Dans son avis du 10 février 2016, le Conseil d'État fixe d'abord un principe général sur la sélection en master avant d'en tirer les conséquences dans le cas particulier des universités. Si on a retenu immédiatement les conséquences pour les universités, il ne semble pas que tous les acteurs de l'enseignement supérieur aient compris la portée réelle du principe posé pour tout le SUP, y compris les écoles dont le recrutement est entièrement basé sur une sélection par concours ou dossier.
Le principe posé est simple: la sélection n'est possible pour l'accès à une formation de 2ème cycle au terme de laquelle est délivré le grade de master ou pour la poursuite d'études dans cette formation que si elle figure sur une liste établie par décret après avis du CNESER. Or ce décret n'a jamais été pris.
La règle vaut pour toutes les formations permettant la délivrance du grade de master et elles sont nombreuses. Elles figurent à l'article D.612-34 du code de l'éducation. On y trouve les diplômes d'ingénieurs, de Science Po et des autres IEP, de Dauphine et les diplômes des écoles de commerce visés par l'État.
Pour ces dernières, plusieurs listes ont été publiées au Bulletin officiel en juillet et septembre 2014 avec la liste des formations concernées en annexe. On retrouve les programmes Grande École de HEC, de l'EM Lyon, Audencia, Skema, l'ESCP, l'INSEAD, etc. L'accès à toutes ces formations se fait sur concours, BCE, Écricome, Passerelle, qui permettent d'entrer dans le "cycle" de master. Or en l'absence de décret autorisant ladite sélection ces concours ne sont plus possibles. C'est exactement la même conséquence que pour les universités: même si un arrêté prévoit l'accès sur concours, cet arrêté ne peut "avoir légalement pour objet ou pour effet de permettre de limiter l'admission des candidats" dès lors qu'il manque le décret préalable.
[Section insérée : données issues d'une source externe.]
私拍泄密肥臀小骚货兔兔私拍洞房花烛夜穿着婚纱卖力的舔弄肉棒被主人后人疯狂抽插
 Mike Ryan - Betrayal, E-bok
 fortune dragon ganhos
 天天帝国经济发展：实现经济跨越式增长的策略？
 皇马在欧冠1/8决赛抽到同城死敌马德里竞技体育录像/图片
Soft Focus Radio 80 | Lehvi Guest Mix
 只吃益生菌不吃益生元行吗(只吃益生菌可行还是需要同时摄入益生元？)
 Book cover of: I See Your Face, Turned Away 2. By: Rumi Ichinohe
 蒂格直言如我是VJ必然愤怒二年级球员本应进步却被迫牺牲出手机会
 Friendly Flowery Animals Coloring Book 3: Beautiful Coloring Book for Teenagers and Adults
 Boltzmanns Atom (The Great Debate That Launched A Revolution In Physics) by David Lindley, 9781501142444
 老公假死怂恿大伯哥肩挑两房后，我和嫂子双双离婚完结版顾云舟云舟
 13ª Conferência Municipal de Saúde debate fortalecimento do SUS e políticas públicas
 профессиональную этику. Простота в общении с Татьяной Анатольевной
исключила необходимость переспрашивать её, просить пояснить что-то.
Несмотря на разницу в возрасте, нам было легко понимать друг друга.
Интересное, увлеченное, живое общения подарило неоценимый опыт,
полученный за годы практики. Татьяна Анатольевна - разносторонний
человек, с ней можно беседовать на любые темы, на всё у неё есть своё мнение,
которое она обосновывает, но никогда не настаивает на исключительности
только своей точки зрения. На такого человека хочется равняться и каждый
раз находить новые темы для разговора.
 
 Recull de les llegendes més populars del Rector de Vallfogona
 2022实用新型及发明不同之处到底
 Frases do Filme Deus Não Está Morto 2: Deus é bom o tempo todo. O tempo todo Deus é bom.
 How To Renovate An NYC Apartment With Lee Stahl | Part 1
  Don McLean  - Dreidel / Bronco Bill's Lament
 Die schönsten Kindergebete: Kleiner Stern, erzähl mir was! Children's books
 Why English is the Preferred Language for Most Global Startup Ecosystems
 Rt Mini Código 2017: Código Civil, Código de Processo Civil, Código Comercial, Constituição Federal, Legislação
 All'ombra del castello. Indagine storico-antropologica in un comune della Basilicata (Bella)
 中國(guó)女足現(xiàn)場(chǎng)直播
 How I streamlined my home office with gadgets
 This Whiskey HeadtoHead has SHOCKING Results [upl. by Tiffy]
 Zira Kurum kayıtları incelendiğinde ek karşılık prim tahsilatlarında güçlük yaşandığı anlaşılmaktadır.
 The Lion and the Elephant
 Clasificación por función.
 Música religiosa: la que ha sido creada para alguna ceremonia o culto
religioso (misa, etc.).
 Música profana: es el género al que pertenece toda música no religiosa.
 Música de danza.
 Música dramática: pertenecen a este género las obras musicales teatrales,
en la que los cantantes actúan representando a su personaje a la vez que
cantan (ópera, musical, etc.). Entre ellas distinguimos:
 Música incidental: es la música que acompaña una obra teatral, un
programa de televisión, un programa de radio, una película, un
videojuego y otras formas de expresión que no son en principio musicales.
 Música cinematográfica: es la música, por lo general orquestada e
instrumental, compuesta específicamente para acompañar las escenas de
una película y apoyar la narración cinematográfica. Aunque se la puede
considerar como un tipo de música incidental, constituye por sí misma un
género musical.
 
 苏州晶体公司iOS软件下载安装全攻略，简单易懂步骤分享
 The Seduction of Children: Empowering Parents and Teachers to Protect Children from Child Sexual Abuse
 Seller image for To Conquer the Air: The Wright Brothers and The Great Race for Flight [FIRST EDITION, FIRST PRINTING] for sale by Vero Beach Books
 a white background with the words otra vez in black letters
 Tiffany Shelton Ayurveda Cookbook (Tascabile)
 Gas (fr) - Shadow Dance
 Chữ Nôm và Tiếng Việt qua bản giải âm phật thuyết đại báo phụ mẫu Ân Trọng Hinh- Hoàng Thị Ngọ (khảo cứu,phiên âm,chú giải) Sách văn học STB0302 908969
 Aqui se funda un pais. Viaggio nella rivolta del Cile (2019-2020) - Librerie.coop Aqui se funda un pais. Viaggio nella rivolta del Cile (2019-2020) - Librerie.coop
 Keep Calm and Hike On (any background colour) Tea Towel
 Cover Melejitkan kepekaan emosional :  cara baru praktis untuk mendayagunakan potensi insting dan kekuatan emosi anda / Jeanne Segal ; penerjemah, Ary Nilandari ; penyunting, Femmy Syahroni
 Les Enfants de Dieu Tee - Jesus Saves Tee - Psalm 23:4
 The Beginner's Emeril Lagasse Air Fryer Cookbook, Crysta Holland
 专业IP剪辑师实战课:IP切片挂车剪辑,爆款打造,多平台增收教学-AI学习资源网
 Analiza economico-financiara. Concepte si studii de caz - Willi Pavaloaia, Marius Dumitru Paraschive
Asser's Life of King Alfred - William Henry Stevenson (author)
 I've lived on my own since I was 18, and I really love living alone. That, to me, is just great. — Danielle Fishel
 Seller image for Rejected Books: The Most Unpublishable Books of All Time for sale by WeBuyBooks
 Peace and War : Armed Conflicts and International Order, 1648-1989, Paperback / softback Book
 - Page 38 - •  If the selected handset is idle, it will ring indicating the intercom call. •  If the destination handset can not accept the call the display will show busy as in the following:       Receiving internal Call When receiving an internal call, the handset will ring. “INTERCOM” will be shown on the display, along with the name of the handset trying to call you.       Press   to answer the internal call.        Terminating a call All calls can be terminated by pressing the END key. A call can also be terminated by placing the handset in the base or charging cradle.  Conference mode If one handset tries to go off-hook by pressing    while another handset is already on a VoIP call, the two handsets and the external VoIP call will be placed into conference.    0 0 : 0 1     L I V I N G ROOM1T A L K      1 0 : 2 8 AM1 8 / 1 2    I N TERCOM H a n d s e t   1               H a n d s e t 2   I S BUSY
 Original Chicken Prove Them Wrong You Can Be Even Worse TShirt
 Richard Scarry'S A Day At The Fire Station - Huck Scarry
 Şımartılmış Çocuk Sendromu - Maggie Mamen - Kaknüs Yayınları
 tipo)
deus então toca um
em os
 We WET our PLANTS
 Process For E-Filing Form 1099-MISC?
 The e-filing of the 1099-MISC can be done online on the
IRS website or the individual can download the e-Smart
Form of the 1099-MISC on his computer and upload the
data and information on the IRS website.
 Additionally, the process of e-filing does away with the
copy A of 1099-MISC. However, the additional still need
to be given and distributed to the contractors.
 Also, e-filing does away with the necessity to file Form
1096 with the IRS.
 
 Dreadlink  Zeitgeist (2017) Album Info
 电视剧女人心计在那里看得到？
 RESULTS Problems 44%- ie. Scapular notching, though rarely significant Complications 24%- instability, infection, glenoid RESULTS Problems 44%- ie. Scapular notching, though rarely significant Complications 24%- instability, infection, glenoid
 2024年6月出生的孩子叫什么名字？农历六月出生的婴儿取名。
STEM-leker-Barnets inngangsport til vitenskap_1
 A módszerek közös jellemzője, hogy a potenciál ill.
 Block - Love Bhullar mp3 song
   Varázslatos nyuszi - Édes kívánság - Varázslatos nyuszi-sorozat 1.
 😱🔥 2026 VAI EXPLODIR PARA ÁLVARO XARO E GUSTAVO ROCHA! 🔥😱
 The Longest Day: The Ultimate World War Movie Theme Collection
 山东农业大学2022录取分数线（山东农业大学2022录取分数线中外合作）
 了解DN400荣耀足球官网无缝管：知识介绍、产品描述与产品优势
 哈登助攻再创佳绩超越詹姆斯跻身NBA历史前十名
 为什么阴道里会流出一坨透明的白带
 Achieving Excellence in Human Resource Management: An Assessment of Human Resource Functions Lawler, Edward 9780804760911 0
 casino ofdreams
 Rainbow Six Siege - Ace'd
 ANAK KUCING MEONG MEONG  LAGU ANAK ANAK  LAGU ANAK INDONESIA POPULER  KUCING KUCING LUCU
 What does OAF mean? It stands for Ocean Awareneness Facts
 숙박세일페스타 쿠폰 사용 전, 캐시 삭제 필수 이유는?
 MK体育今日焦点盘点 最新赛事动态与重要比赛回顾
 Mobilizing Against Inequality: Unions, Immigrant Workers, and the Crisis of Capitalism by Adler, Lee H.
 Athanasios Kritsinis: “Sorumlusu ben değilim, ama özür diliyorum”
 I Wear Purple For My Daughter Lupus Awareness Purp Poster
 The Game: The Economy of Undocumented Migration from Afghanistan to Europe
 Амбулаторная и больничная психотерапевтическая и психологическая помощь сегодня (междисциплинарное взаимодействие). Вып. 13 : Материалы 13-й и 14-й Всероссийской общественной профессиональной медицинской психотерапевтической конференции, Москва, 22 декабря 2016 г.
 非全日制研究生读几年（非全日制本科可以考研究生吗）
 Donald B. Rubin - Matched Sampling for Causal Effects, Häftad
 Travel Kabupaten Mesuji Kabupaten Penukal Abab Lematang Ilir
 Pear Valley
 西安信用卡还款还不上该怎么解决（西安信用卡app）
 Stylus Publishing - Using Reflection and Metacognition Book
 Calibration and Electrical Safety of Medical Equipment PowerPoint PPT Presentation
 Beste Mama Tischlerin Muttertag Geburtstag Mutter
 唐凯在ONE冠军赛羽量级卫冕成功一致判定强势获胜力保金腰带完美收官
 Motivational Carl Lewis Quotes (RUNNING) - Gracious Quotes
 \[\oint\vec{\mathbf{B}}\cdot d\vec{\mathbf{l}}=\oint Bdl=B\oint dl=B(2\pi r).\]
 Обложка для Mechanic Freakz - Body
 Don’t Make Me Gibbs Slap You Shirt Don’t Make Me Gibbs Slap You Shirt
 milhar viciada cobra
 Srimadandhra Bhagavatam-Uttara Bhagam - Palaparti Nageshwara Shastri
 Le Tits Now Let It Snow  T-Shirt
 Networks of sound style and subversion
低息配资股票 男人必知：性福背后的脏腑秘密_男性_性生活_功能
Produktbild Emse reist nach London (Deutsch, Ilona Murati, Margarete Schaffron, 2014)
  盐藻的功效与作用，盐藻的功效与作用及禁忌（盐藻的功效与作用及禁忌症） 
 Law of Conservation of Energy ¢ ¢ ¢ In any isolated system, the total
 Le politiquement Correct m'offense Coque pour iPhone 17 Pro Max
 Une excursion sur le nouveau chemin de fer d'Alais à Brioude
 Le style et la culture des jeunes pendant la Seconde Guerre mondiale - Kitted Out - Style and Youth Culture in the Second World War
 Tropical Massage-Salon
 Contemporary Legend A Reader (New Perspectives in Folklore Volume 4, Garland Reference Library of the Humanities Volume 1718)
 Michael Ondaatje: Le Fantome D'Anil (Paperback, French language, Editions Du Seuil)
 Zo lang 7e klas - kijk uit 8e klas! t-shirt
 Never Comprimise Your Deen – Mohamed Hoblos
Certes, depuis plusieurs années, les concours d'accès aux programmes grande école ne "sélectionnent" pas les étudiants. Presque tous les étudiants qui présentent les concours obtiennent une place en école de commerce. Mais ces concours sélectionnent les écoles et la pression sur les plus prestigieuses va être considérable.
Un deuxième problème doit être souligné, celui de la poursuite d'étude. C'est la difficulté que rencontre les universités avec la sélection en M2, mais c'est un problème que vont rencontrer aussi les écoles qui, comme les écoles d'architecture, limitent le nombre de redoublements.
Le Diplôme d'État d'architecte donne le grade de master. L'organisation de la formation était prévue par un décret du 30 juin 2005 aujourd'hui codifié à l'article R672-5 du code de l'éducation, et un arrêté du 20 juillet 2005 qui prévoit, dans son article 5 al.2 un numerus clausus qui, là encore, ne peut se justifier, faute de décret. Par ailleurs, les règlements des études des écoles d'architectes n'autorisent pas plus d'un redoublement dans la formation ce qui n'est toujours pas conforme à l'avis du Conseil d'État qui considère que la règle vaut tant à l'entrée dans le cycle que durant le cycle. Un étudiant qui échoue peut se réinscrire sans limite de durée comme c'est maintenant le cas, hélas, à l'université.
Finalement c'est tout l'édifice du cycle 2 dans le supérieur qui est remis en cause par cet avis et il faut l'optimisme, un peu inquiétant, d'un Thierry Mandon pour considérer que cet avis "sécurise les parcours de réussite en master"! Je n'y aurais pas pensé.